=== Section Start ===

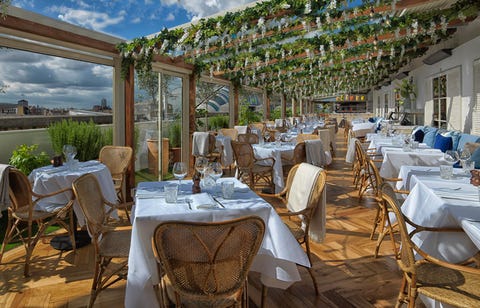 Alto By San Carlo Selfridges Rooftop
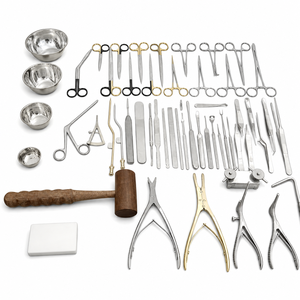 Set de Cirugía Nasal Gubisch de 58 Piezas, Instrumentos de Cirugía Plástica Nasal, Instrumentos Quirúrgicos ORL - Product Image 5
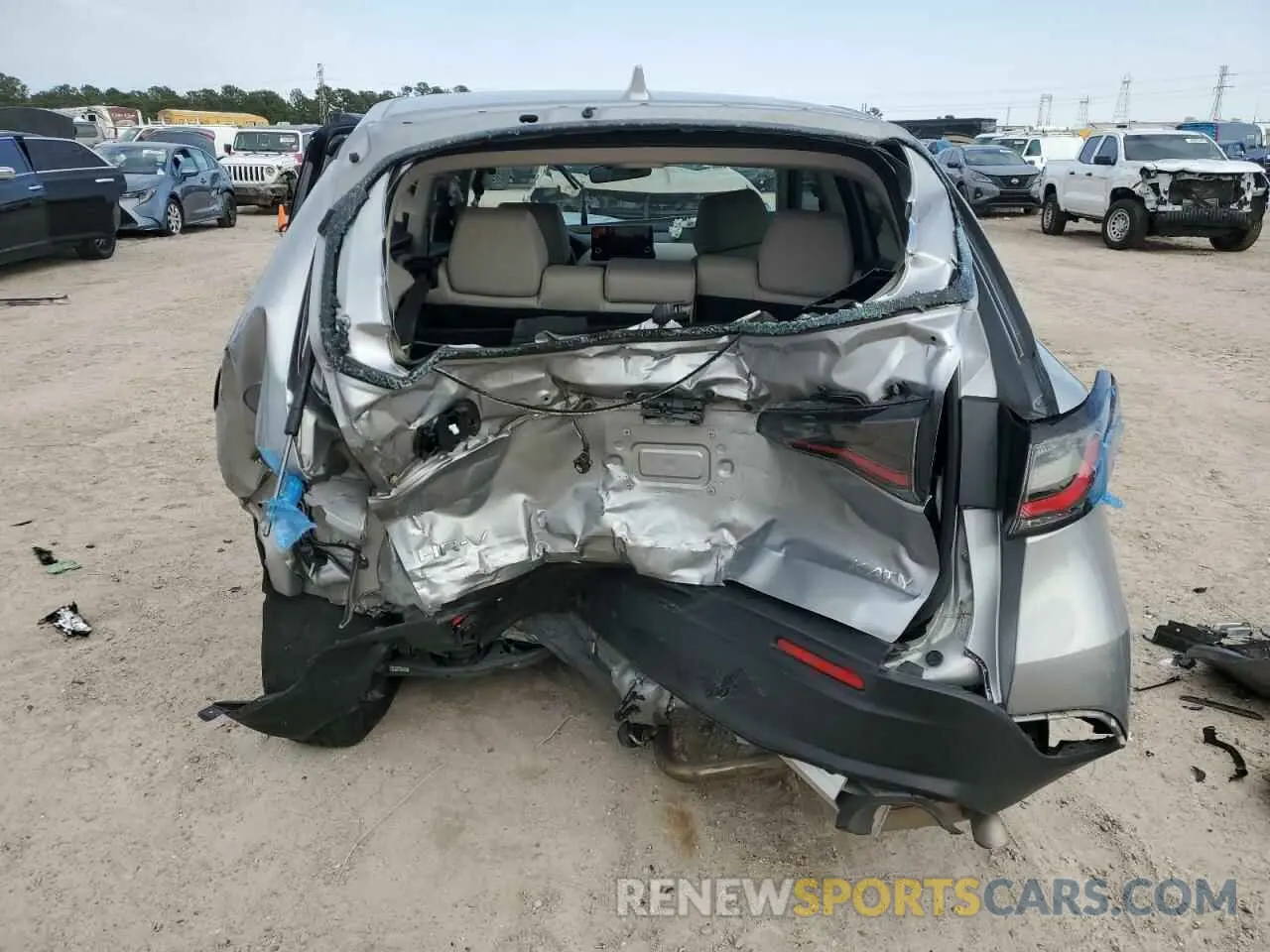 6 Фотография поврежденного автомобиля 3CZRZ1H31RM705766 HONDA HR-V 2024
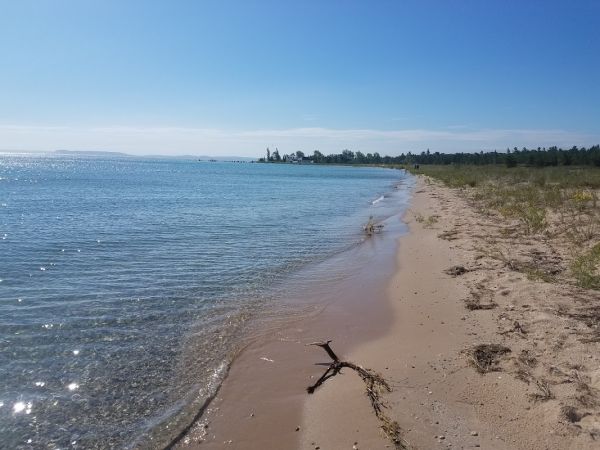 Bay Campground - South Manitou Island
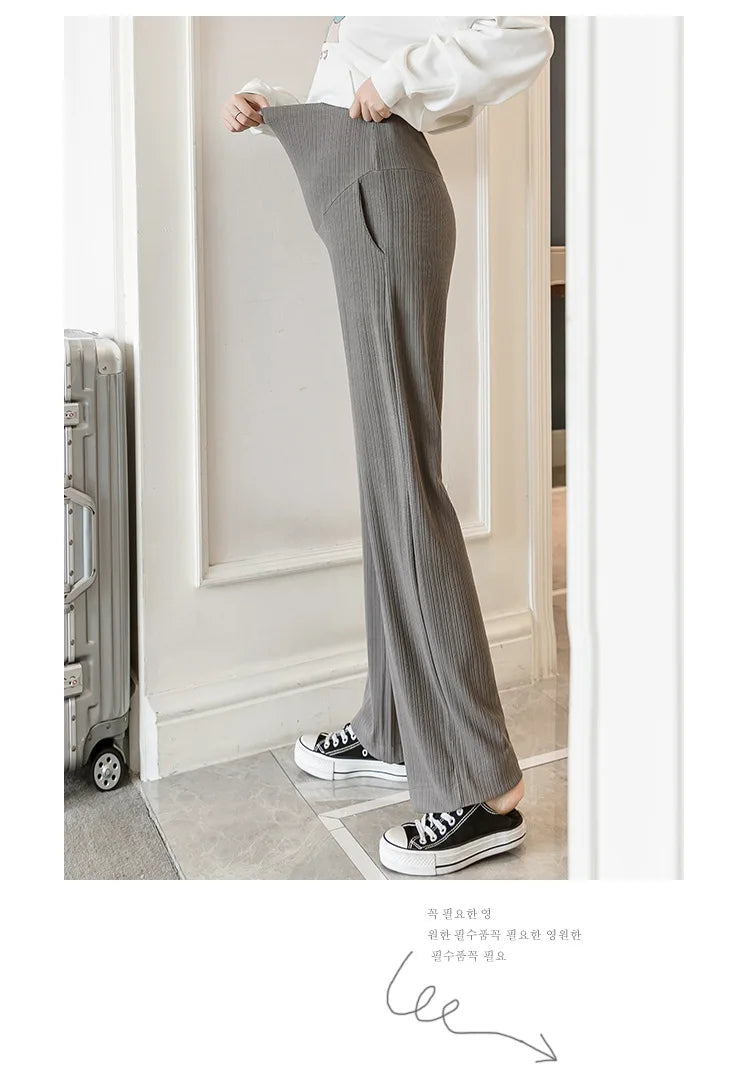 Thickened Casual Maternity Pants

=== Section End ===

→ What is required
Without the images, output all the entries exactly as they stand.

→ Written answer
 Alto By San Carlo Selfridges Rooftop
 Set de Cirugía Nasal Gubisch de 58 Piezas, Instrumentos de Cirugía Plástica Nasal, Instrumentos Quirúrgicos ORL - Product Image 5
 6 Фотография поврежденного автомобиля 3CZRZ1H31RM705766 HONDA HR-V 2024
 Bay Campground - South Manitou Island
 Thickened Casual Maternity Pants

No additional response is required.